## Brief descriptive captions
******

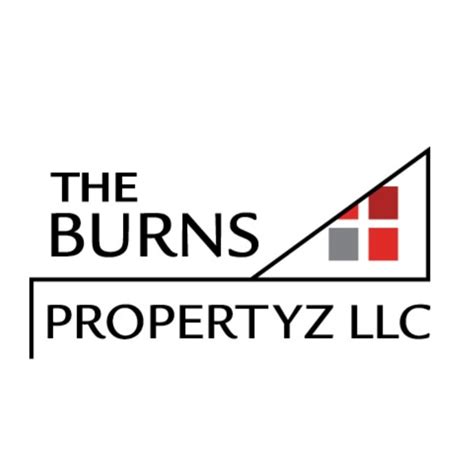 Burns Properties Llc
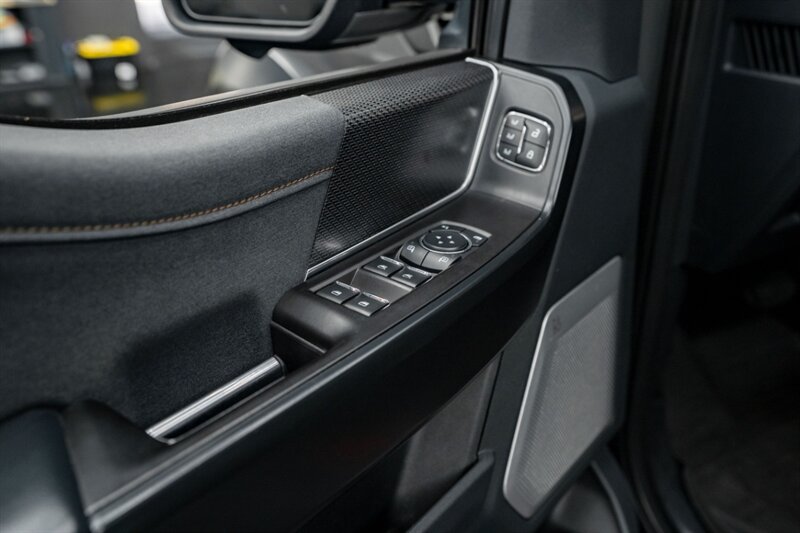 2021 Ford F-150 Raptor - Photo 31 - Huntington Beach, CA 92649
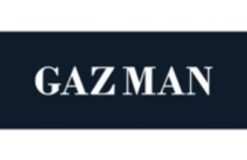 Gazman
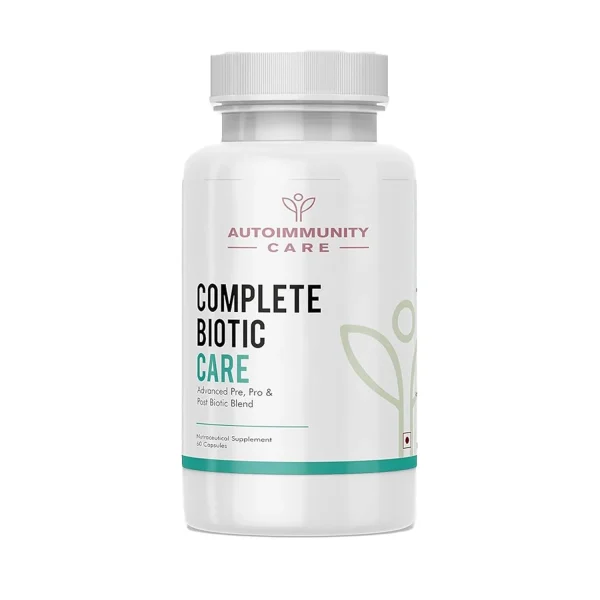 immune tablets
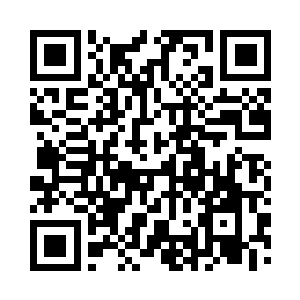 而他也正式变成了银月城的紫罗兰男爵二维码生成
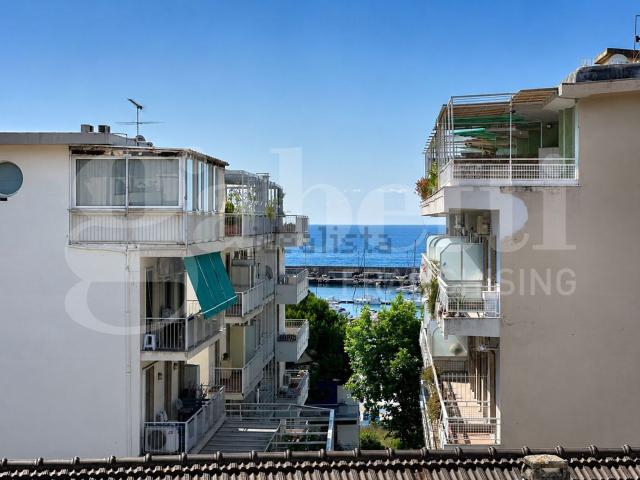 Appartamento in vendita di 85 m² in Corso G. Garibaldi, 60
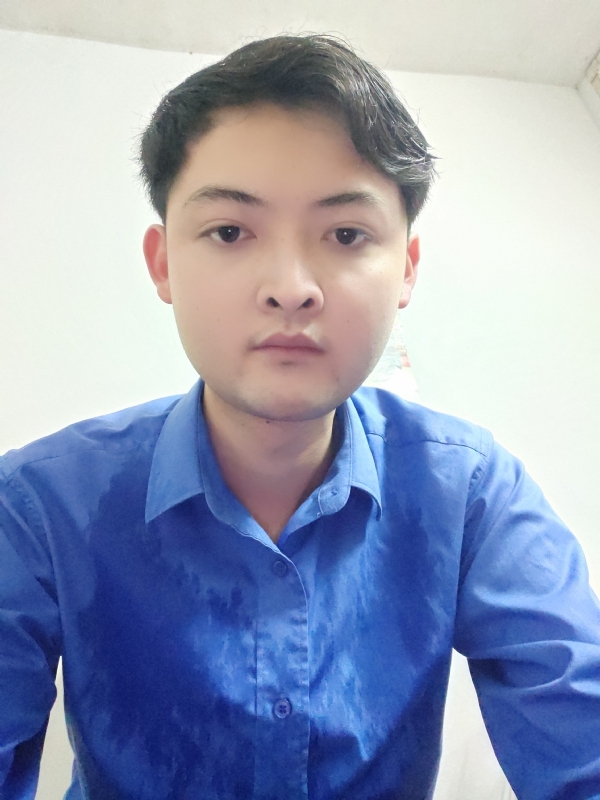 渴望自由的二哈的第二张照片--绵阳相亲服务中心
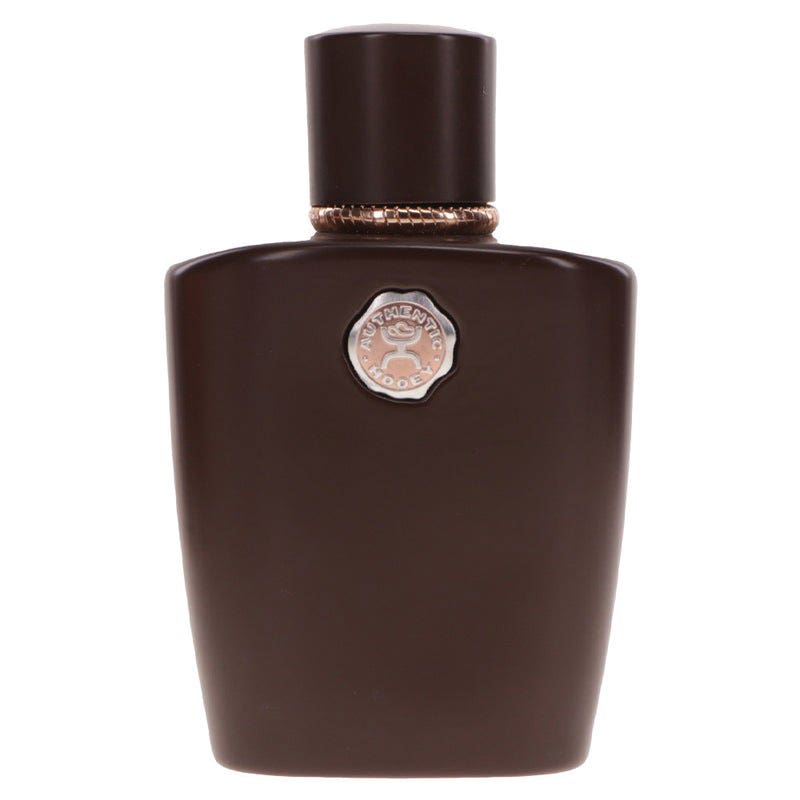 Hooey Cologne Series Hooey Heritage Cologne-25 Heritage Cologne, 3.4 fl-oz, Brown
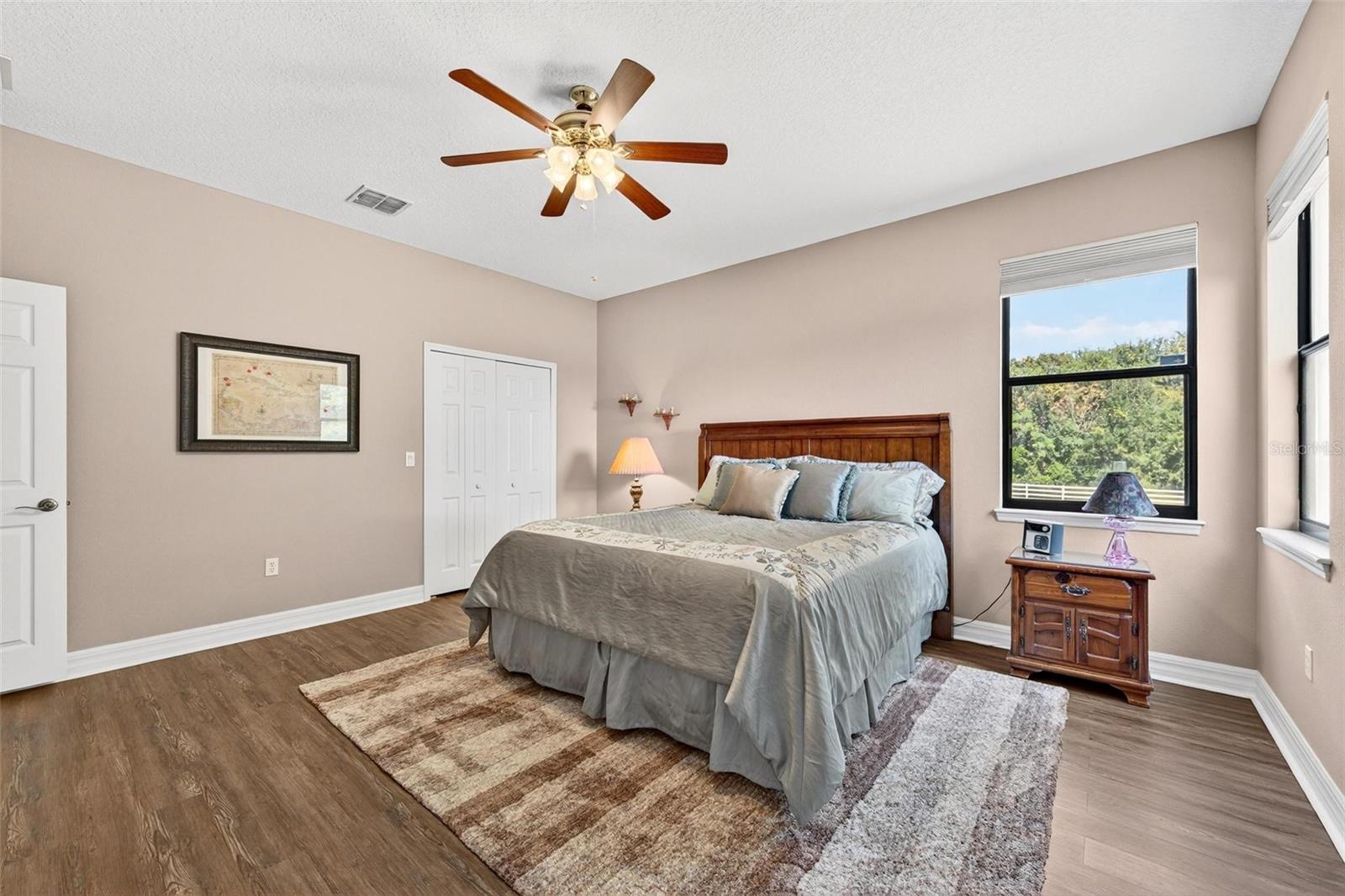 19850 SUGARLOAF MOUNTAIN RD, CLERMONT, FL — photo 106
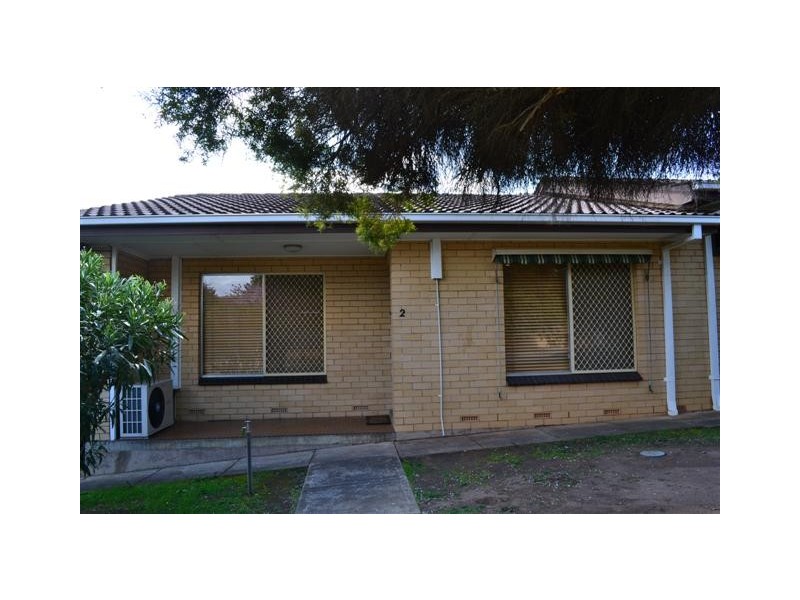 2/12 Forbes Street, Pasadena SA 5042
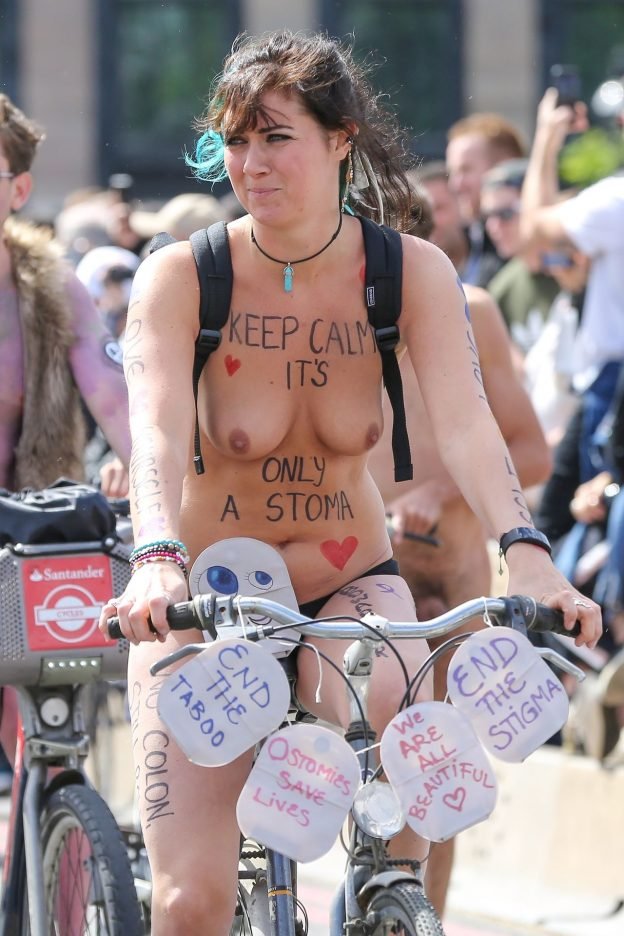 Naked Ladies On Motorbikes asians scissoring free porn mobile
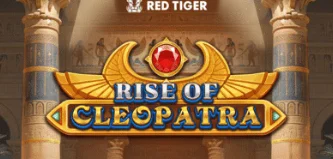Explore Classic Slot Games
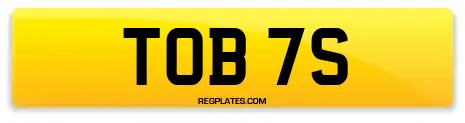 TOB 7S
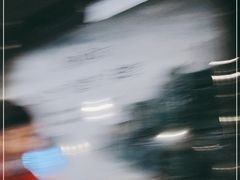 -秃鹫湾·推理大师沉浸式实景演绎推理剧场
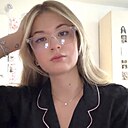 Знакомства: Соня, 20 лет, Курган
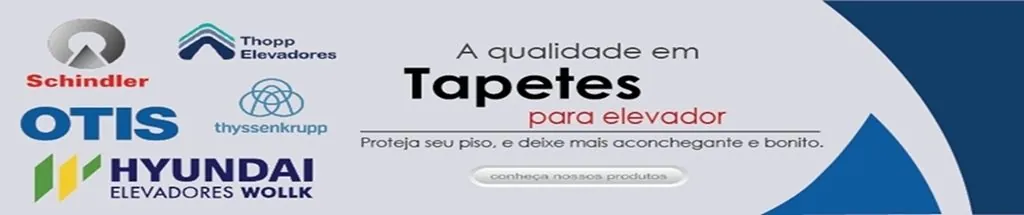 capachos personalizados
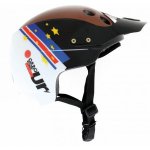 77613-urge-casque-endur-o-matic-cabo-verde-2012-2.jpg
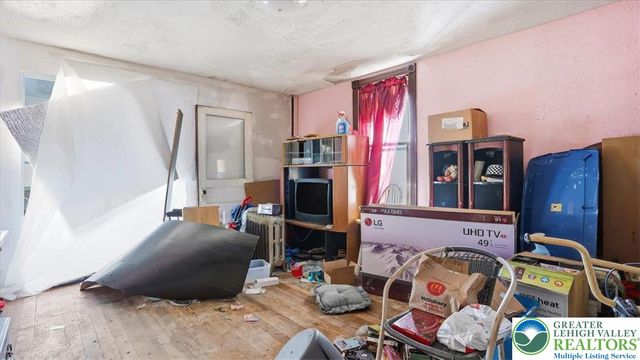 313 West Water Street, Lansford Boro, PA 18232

******

## Task details
Only the lines from the one containing "2021 Ford F-150" through the end of the records are wanted, set down exactly and without their pictures.

## Solution to the exercise
 2021 Ford F-150 Raptor - Photo 31 - Huntington Beach, CA 92649
 Gazman
 immune tablets
 而他也正式变成了银月城的紫罗兰男爵二维码生成
 Appartamento in vendita di 85 m² in Corso G. Garibaldi, 60
 渴望自由的二哈的第二张照片--绵阳相亲服务中心
 Hooey Cologne Series Hooey Heritage Cologne-25 Heritage Cologne, 3.4 fl-oz, Brown
 19850 SUGARLOAF MOUNTAIN RD, CLERMONT, FL — photo 106
 2/12 Forbes Street, Pasadena SA 5042
 Naked Ladies On Motorbikes asians scissoring free porn mobile
Explore Classic Slot Games
 TOB 7S
 -秃鹫湾·推理大师沉浸式实景演绎推理剧场
 Знакомства: Соня, 20 лет, Курган
 capachos personalizados
 77613-urge-casque-endur-o-matic-cabo-verde-2012-2.jpg
 313 West Water Street, Lansford Boro, PA 18232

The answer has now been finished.